From Publishers Weekly
Suburban white kids' increasingly ubiquitous fascination with hip-hop culture is the subject of this thoughtful and often insightful work of long-form journalism. Tanz, a young white man himself and an editor at
Fortune Small Business, is an apt chronicler of the racial and cultural obstacles that stand between the producers and consumers of rap. He has an obvious passion for the music at hand, and he demonstrates his connoisseurship through brilliant evocations of the power of the band N.W.A. and the often painful history of white rappers. Tanz is most successful when he lets himself get tangled up in the complicated tendons of mass culture: his chapter about hip-hop marketing and commercialization displays a keen understanding of the advertising forces at work without ever devolving into simplistic damnation. Other aspects of the book are less satisfying, most notably the framing devices for each chapter in which Tanz chooses seemingly arbitrary instances of white appropriations of hip-hop culture—such as a hipster dance party in Williamsburg—to illustrate larger points. Nevertheless, Tanz solidly displays his strong grasp of the broad cultural significance of the rise of hip-hop.
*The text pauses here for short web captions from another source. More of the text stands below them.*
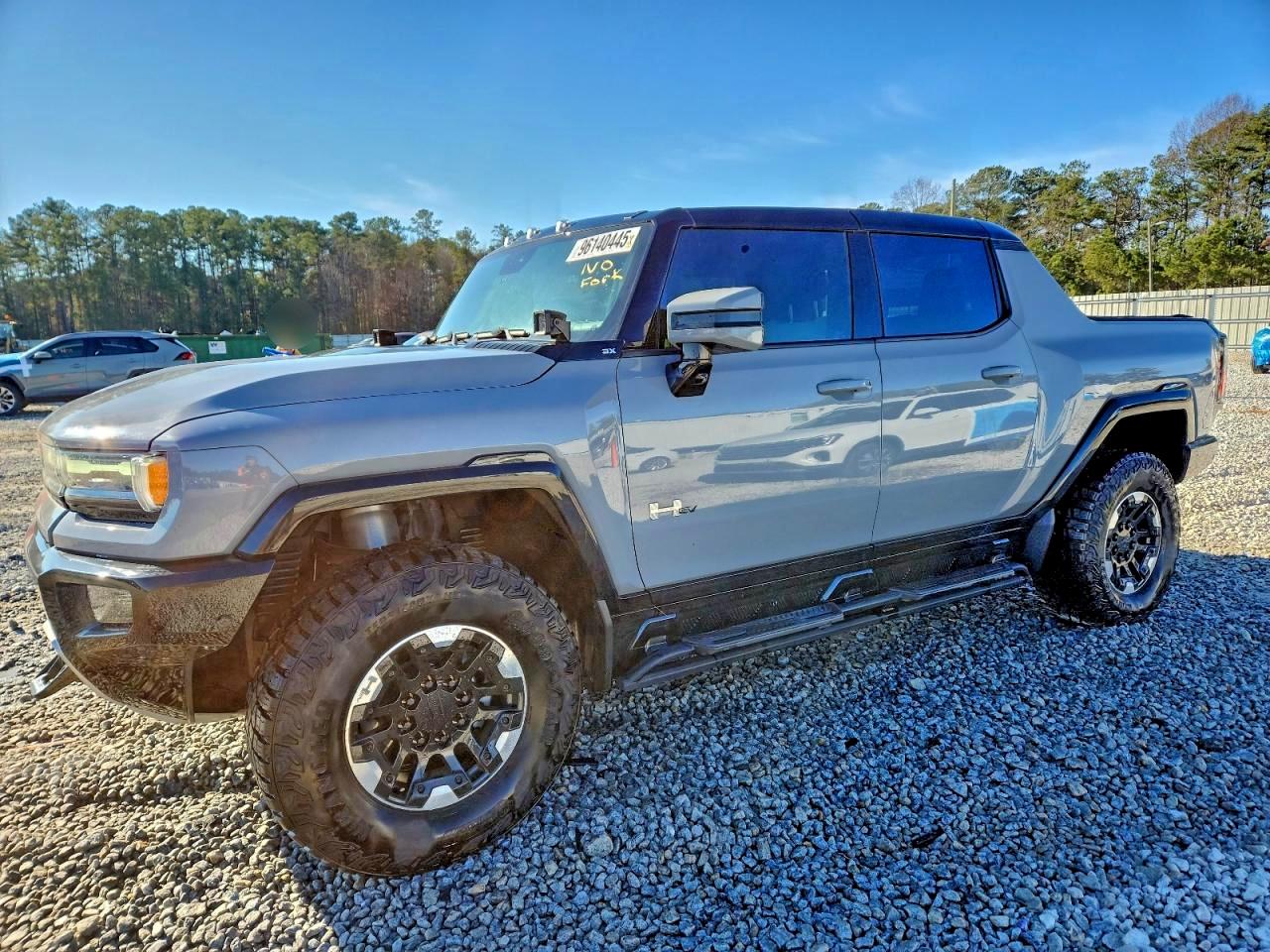 2024 GMC HUMMER EV Pickup 3X, VIN 1GT10DDB7RU107673 — Front end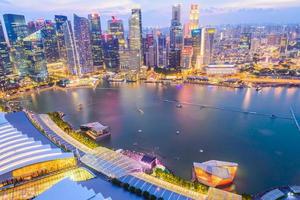 Skyline de Singapour au coucher du soleil photo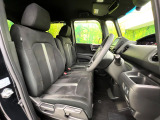 運転席まわりには十分なスペースがあり、大柄な方でもゆったり運転していただける環境です。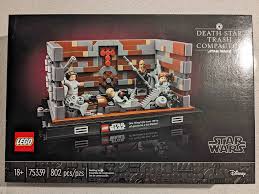 U-7596 Trash Compactor Escape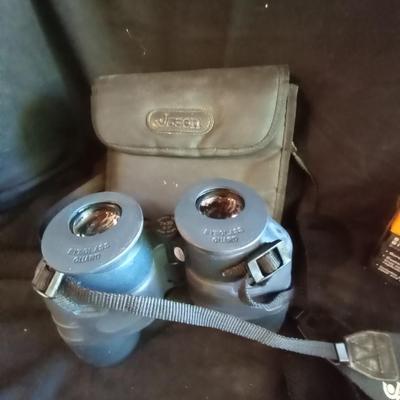 LOT 60 JASON BINOCULARS AND OZARC TRAIL COMPACT BINOCULARS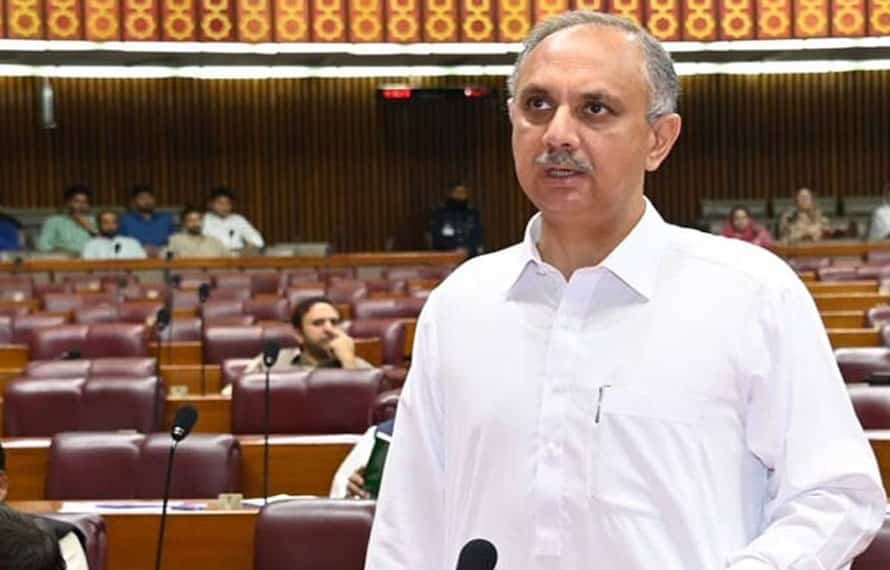 عمر ایوب کا سخت ردعمل، اسپیکر سے نااہلی ریفرنس اور فیصلے کی وضاحت مانگ لی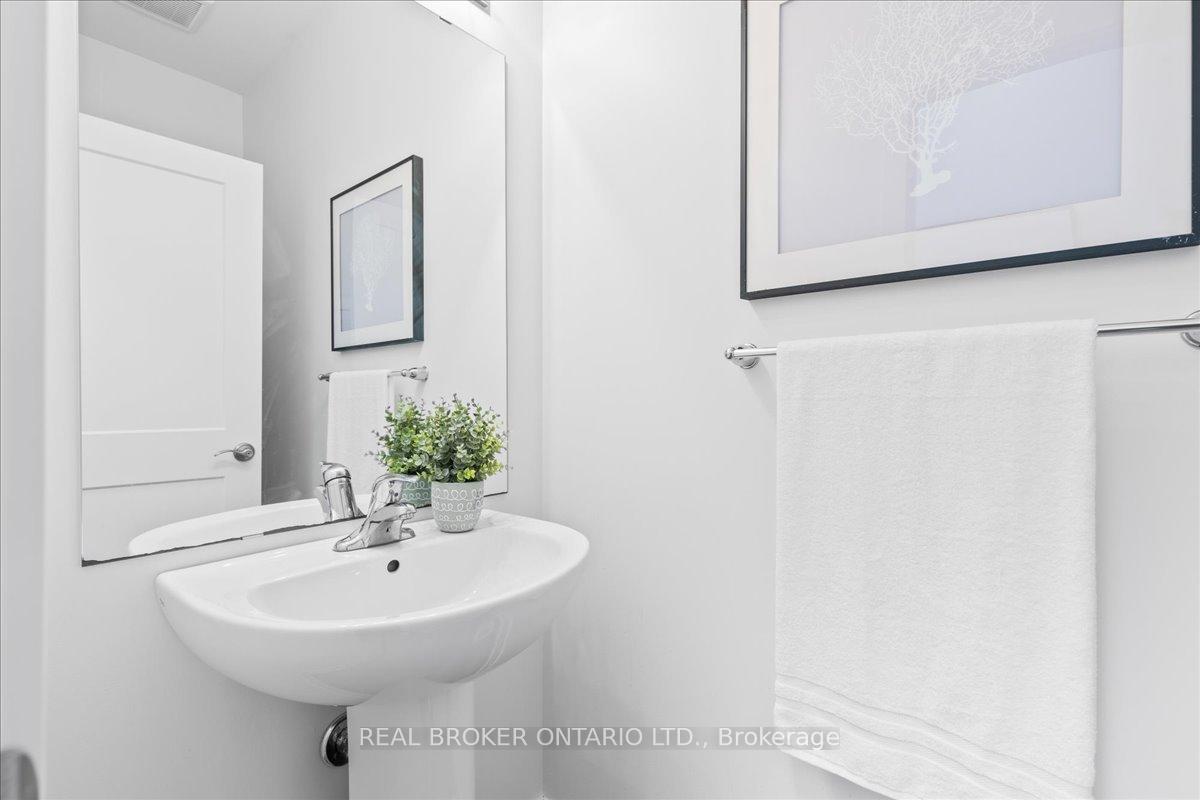 Photo 6 of Unit 3, 110 Fergus Avenue, Kitchener — HOMEH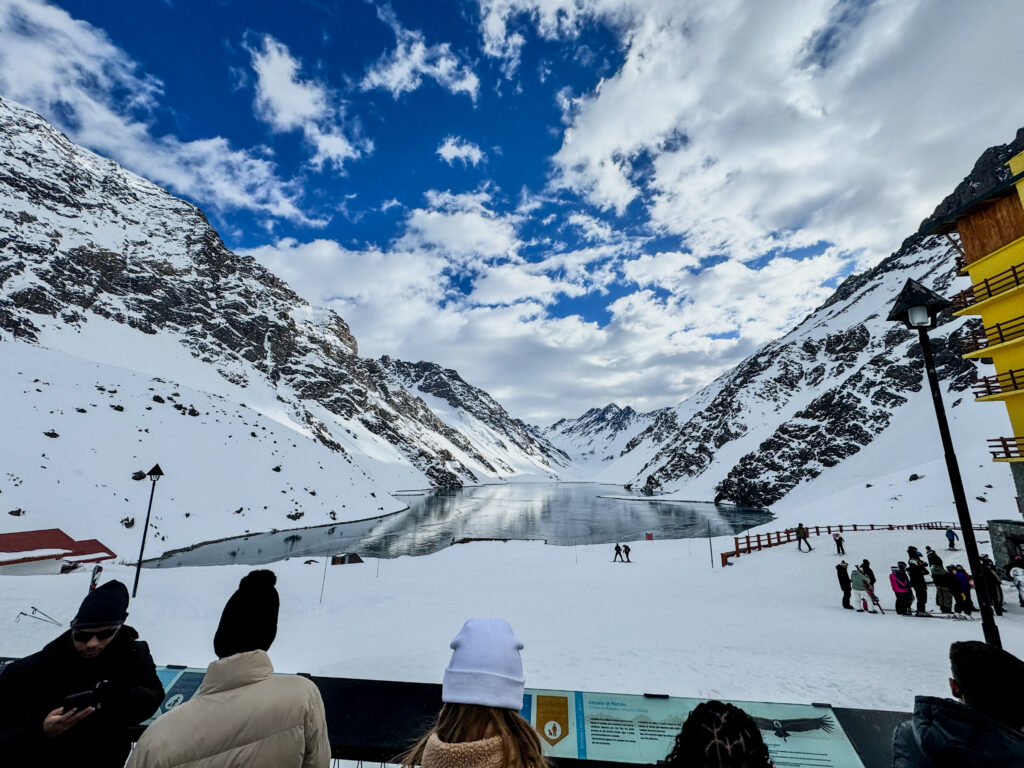 Miranta da Laguna del Inca em Portillo no inverno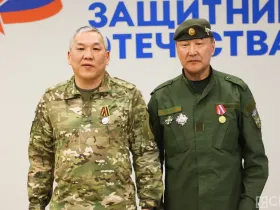 В Якутске вручили нагрудные знаки «Доброволец Донбасса» ветеранам СВО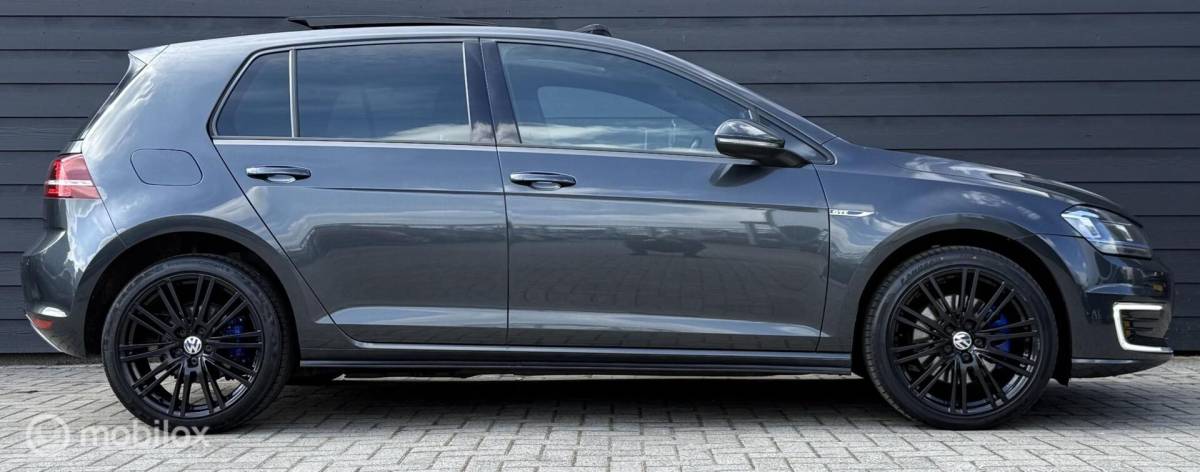 Volkswagen Golf Volkswagen Golf 1.4 TSI GTE Pano.dak/LED/Carplay/Trekhaak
(Feb.) Copyright © Reed Business Information, a division of Reed Elsevier Inc. All rights reserved.
From Booklist
Hip-hop in the American pop-cultural mainstream is a matter of much more than the Beastie Boys, as Tanz's skewering history of middle-class white assimilation of black cultural motifs for fun and profit makes clear. To document the phenomenon, Tanz interviews notables, such as Public Enemy guiding light Chuck D., and relates case histories of aspiring white rappers who mostly fall far short in emulating Eminem. In the chapter "Great White Hopes: Wegroes Shed Their Skin," Tanz considers the career arc of Pumpsta, ne Jeremy Parker, who "remembers the day he wanted to be black." The middle-class Georgia suburbanite's epiphany arrived during one of Atlanta's notorious Freaknik street parties. Now he hosts events that he hopes will "help to kill the whiteness inside." Curiouser and curiouser. Tanz makes what sense can be made of such aspirations and affords an ironic, insightful look at how rap and hip-hop have permeated the media landscape even while large segments of society maintain a baffled disconnection from the music. Food for thought.